CLASS J POWER AMPLIFIER BACKGROUND
The Class J amplifier was first proposed by Cripps^{5} in 2006, followed by a more systematic analysis in 2009.^{6} Since then there has been a significant number of publications on this mode of operation, mostly found in academic journals or white company papers, where a detailed treatment is usually omitted. Here, the principle of a Class J amplifier is provided in detailed steps, with particular attention paid to the assumptions used in circuit analyses and their implications on circuit realization.

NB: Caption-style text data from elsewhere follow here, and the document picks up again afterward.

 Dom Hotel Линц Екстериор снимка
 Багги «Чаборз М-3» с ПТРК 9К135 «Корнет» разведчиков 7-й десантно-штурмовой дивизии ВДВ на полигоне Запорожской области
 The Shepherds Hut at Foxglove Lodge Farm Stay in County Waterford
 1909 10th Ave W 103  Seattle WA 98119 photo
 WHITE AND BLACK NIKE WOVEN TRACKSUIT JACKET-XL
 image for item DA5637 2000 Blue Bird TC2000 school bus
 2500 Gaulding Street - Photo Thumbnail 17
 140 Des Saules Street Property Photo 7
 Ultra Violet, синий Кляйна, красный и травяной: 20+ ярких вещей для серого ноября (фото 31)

Like classical high-efficiency linear amplifiers such as Class B, Class J is also considered a linear amplifier in that the drain current is assumed to be controlled only by the input level (gate voltage in the case of LDMOS) and is independent of the drain voltage. The difference between them is in the output load condition. For Class B, it is assumed that all harmonics are shorted at the output and therefore only the fundamental and DC components exist in the drain voltage. The actual circuit implementation of such a condition (all harmonics being shorted) is not always realistic, however, even at moderately high frequencies due to the presence of the internal output capacitance, C_{out}.^{5} In the Class J mode, the second harmonic reactive component associated with C_{out} is actually utilized in combination with an appropriate fundamental load impedance to generate the so-called flattening effect on the drain-voltage waveform. This effect allows a further increase in the fundamental amplitude of the drain voltage such that the same efficiency and output power of a Class B amplifier can be achieved.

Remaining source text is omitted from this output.